Configuration spaces of tori

Abstract

The $n$-point configuration spaces ${\mathcal E}^n({\mathbb T}^2)=\{(q_1,...,q_n) \in ({\mathbb T}^2)^n\,|\ q_i\ne q_j \ \forall\,i\ne j\}$ and ${\mathcal C}^n({\mathbb T}^2) =\{Q\subset {\mathbb T}^2\,|\ \#Q=n\}$ of a complex torus ${\mathbb T}^2$ are complex manifolds.

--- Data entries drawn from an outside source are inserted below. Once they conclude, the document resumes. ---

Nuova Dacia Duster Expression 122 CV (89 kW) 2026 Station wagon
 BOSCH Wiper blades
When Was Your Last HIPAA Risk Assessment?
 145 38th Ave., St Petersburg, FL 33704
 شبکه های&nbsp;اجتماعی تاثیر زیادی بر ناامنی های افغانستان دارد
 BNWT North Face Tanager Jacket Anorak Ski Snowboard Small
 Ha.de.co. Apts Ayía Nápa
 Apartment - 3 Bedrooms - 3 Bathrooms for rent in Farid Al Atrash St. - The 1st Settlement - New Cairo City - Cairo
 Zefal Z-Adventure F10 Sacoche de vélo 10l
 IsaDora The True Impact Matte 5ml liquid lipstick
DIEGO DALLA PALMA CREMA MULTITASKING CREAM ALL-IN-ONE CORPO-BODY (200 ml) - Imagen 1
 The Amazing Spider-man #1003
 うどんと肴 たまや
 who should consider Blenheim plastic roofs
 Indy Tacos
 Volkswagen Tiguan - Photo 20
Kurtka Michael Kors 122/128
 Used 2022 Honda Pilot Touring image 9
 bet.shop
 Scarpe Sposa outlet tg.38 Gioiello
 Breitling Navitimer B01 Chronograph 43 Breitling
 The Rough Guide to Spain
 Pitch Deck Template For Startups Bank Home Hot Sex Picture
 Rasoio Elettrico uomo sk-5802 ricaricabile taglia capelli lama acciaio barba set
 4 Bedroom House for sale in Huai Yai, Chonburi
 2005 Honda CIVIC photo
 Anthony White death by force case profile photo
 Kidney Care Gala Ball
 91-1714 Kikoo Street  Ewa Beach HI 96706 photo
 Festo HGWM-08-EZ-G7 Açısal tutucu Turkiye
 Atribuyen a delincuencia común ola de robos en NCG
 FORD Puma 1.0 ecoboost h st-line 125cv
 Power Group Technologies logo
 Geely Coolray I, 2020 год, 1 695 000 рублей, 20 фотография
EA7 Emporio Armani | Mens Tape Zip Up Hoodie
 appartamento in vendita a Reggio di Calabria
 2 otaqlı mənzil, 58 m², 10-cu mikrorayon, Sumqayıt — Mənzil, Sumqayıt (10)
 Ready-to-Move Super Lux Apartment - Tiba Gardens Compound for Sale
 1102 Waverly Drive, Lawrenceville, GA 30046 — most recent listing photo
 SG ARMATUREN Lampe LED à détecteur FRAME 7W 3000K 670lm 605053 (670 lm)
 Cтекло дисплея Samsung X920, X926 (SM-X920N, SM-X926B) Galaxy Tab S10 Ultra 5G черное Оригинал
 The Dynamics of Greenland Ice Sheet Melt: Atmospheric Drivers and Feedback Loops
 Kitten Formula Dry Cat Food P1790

We prove that for $n>4$ any holomorphic self-map $F$ of ${\mathcal C}^n({\mathbb T}^2)$ either carries the whole of ${\mathcal C}^n({\mathbb T}^2)$ into an orbit of the diagonal $\Aut({\mathbb T}^2)$ action in ${\mathcal C}^n({\mathbb T}^2)$ or is of the form $F(Q)=T(Q)Q$, where $T\colon{\mathcal C}^n({\mathbb T}^2)\to\Aut({\mathbb T}^2)$ is a holomorphic map. We also prove that for $n>4$ any endomorphism of the torus braid group $B_n({\mathbb T}^2)=\pi_1({\mathcal C}^n({\mathbb T}^2))$ with a non-abelian image preserves the pure torus braid group $P_n({\mathbb T}^2) =\pi_1({\mathcal E}^n({\mathbb T}^2))$.